CVS/SVN is most powerfull when used from within the terminal. You are joking, right? Mentioning a GUI application as superior? If i’m not mistaking most professionals are using merely their keyboards when they are programming. Off course I don’t count people using Visual Basic as professionals, so that might just skew my assumptions here a little.
Off course all of these arguments are less strongly about OSX. And being based on BSD, you would expect it to contain good SSH support anyway. I still do feel that the GNU tools are more at home on Linux than they are on OSX.
Don’t get me wrong, I like OSX. I would recommend it to my grandmother. I wouldn’t recommend it to a professional technician though.

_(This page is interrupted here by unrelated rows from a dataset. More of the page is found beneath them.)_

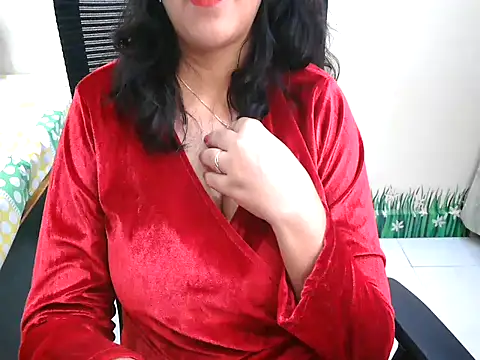 Snapshot of Inviting_Aanya chatting on November 8, 2025, 5:45 pm Inviting Aanya online show from November 8, 2025, 5:45 pm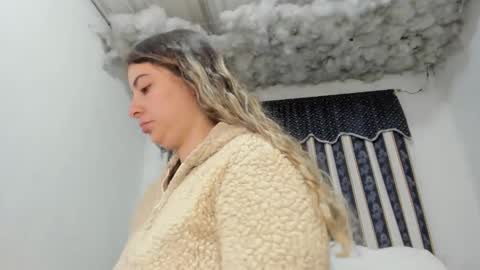 Lauu G online show from October 3, 10:31 am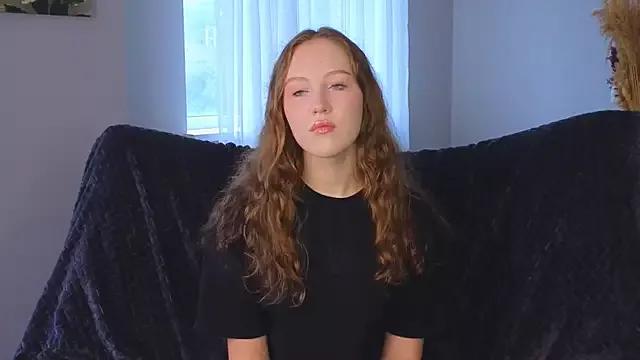 PillowMoans from StripChat is Freechat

OSX like Windows are cars of which you can’t open the hood. You can’t pimp them, tweak them or fix them yourselves. Your grandmother wouldn’t do any of those things, but I would.

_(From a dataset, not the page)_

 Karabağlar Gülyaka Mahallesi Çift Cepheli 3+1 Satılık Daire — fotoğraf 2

But even besides that point. It doesn’t take more than an hour for the average 16-year-old-script-kiddie’s to turn a linux installation into an OSX clone. Considering the price differences I should assume a skilled person would just use Linux and make it as much as OSX as they like. If you can turn a Fiat into a Ferrari, and you have fun doing so, why would you buy a Ferrari?

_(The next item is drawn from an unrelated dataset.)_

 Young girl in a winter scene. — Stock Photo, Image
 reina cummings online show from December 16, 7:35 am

Comment by Meneer R — January 25, 2007 @ 10:02 am
It is impossible to lick your own elbow.
Comment by christina — January 25, 2007 @ 7:39 pm
Nice post, but what a lot of negative comments! Didn’t anyone else notice that it was pretty tongue-in-cheek. Let’s hope you don’t get Dugg or you’re really going to get slammed. Hope you’ve got thick skin…
Comment by Christian Watson — January 26, 2007 @ 2:09 pm
I’ve used a Mac before and prefer Windows - got that WINDOWS. .Much easier to use, easier to fix and without that crappy advertising that Apple seems to resort to. I guess if you’re used to one, the other will seem extremely difficult, but then again Apple is made that way…
Comment by Kathy Pearlman — January 30, 2007 @ 8:42 am
I agree with most of this, but good god you yourself are really annoying.
Comment by Bill — May 4, 2007 @ 1:09 pm
‘On a Mac, get a curly quote with:
option + shift + ]
On a PC, visit Apple.com and order yourself a Mac. On a Linux box, get a real job.’
Why would I want to get a computer that only a small amount of anal retentives want to use….oh yeah, they look nice, I must have missed the point there.
‘On a Linux box, get a real job.’ oh dear oh dear oh dear, what do you think the latest version of Apples OS is built on? and while your contemplating, what is the OS of the server this site is built on?